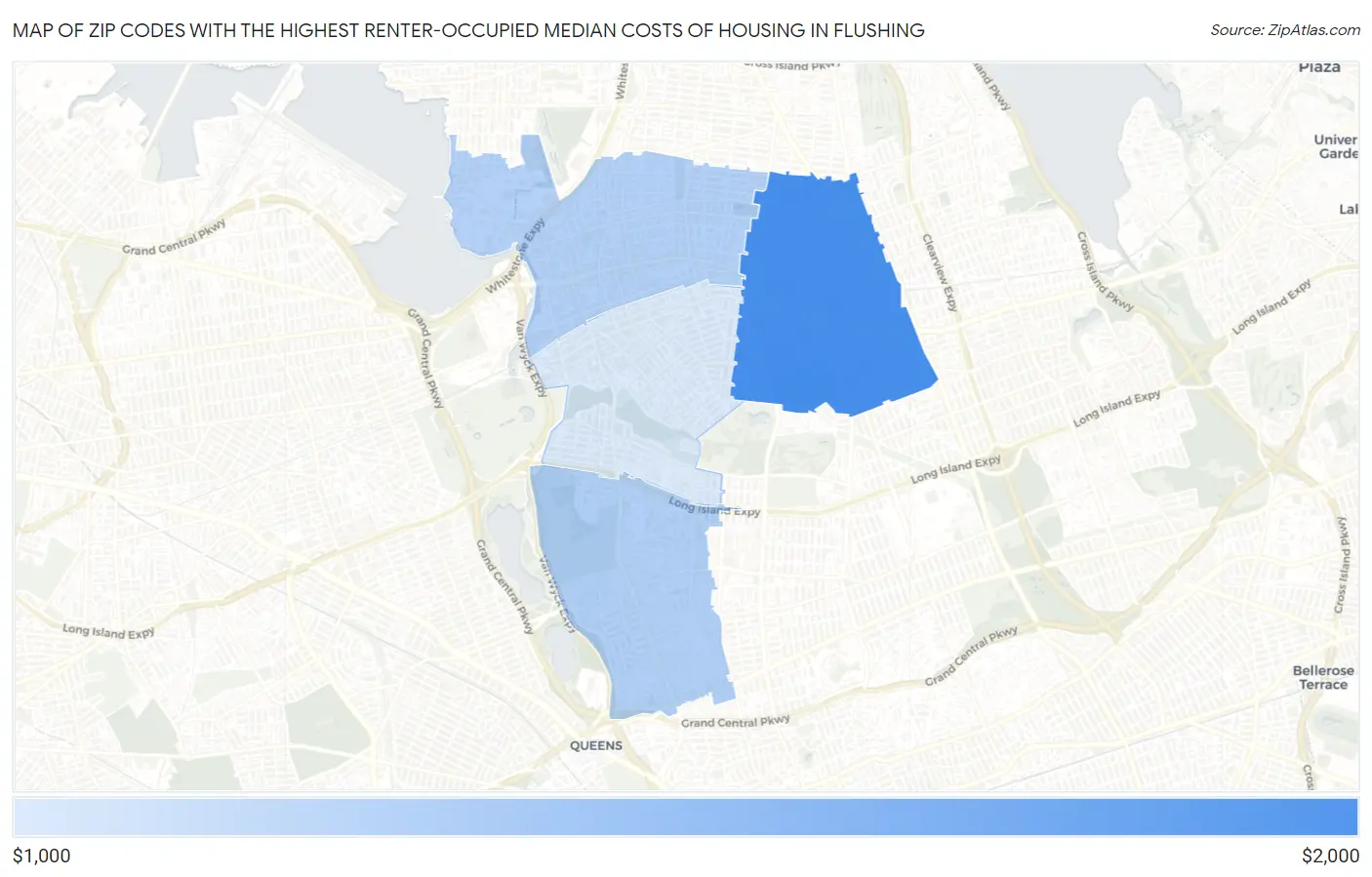 Zip Codes with the Highest Renter-Occupied Median Costs of Housing in Flushing Map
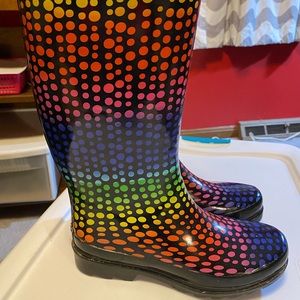 Rainbow Rain Boots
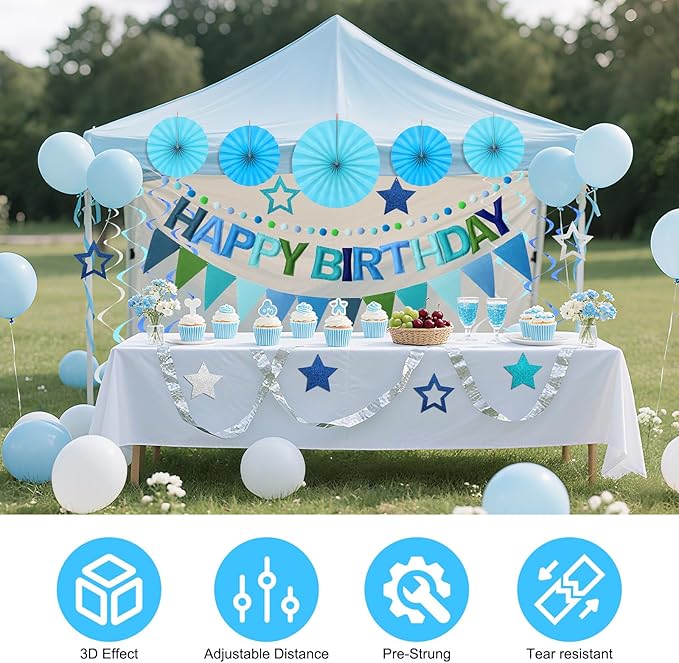 Pre-Strung Happy Birthday Banner, Reusable Felt Birthday Party Decorations, 3D Effect Happy Birthday Sign with Felt Ball Garland, Pennant Flag, Hanging Paper Fans for Men Women Boy Girls (Blue)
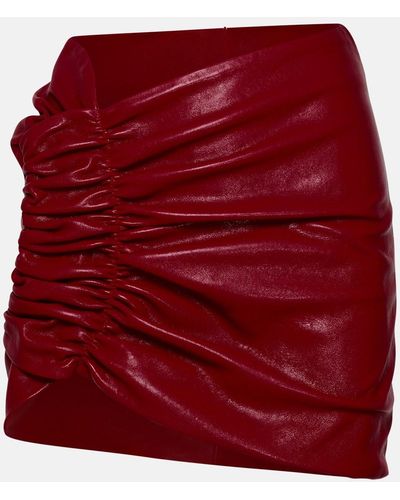 The Mannei Wishaw Black Leather Skirt - Red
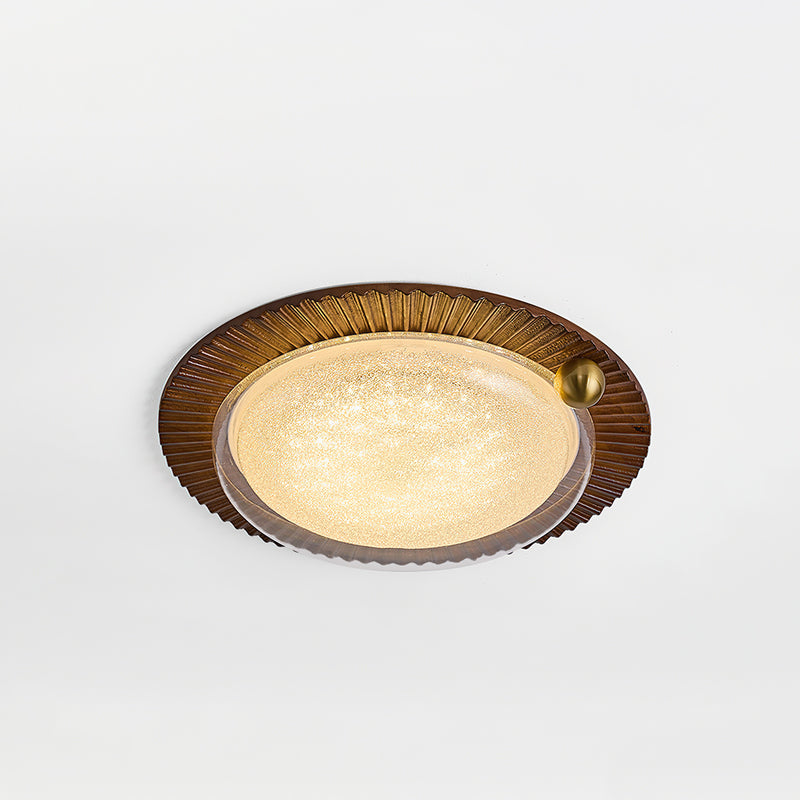 Soreli Ceiling Light | Walnut Wood & Clear Diffuser | 50cm Diameter
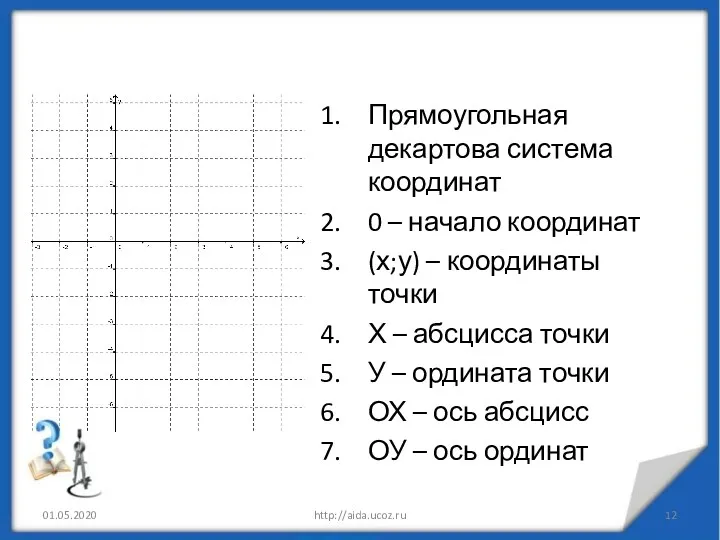 Прямоугольная декартова система координат 0 – начало координат (х;у) – координаты точки Х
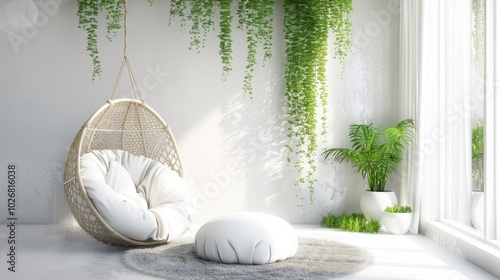 Cozy Indoor Space with Plants and Relaxing Swing Chair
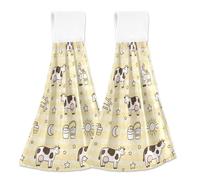 miaozhen Lot de 2 torchons de cuisine en flanelle avec motif vache et étoile de la ferme, jaune à rayures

◆ **Instructions to follow**
When a line carries an image, skip the image and repeat everything else above exactly as written.

◆ **Expected output**
 Zip Codes with the Highest Renter-Occupied Median Costs of Housing in Flushing Map
 Rainbow Rain Boots
 Pre-Strung Happy Birthday Banner, Reusable Felt Birthday Party Decorations, 3D Effect Happy Birthday Sign with Felt Ball Garland, Pennant Flag, Hanging Paper Fans for Men Women Boy Girls (Blue)
 The Mannei Wishaw Black Leather Skirt - Red
 Soreli Ceiling Light | Walnut Wood & Clear Diffuser | 50cm Diameter
 Прямоугольная декартова система координат 0 – начало координат (х;у) – координаты точки Х
 Cozy Indoor Space with Plants and Relaxing Swing Chair
 miaozhen Lot de 2 torchons de cuisine en flanelle avec motif vache et étoile de la ferme, jaune à rayures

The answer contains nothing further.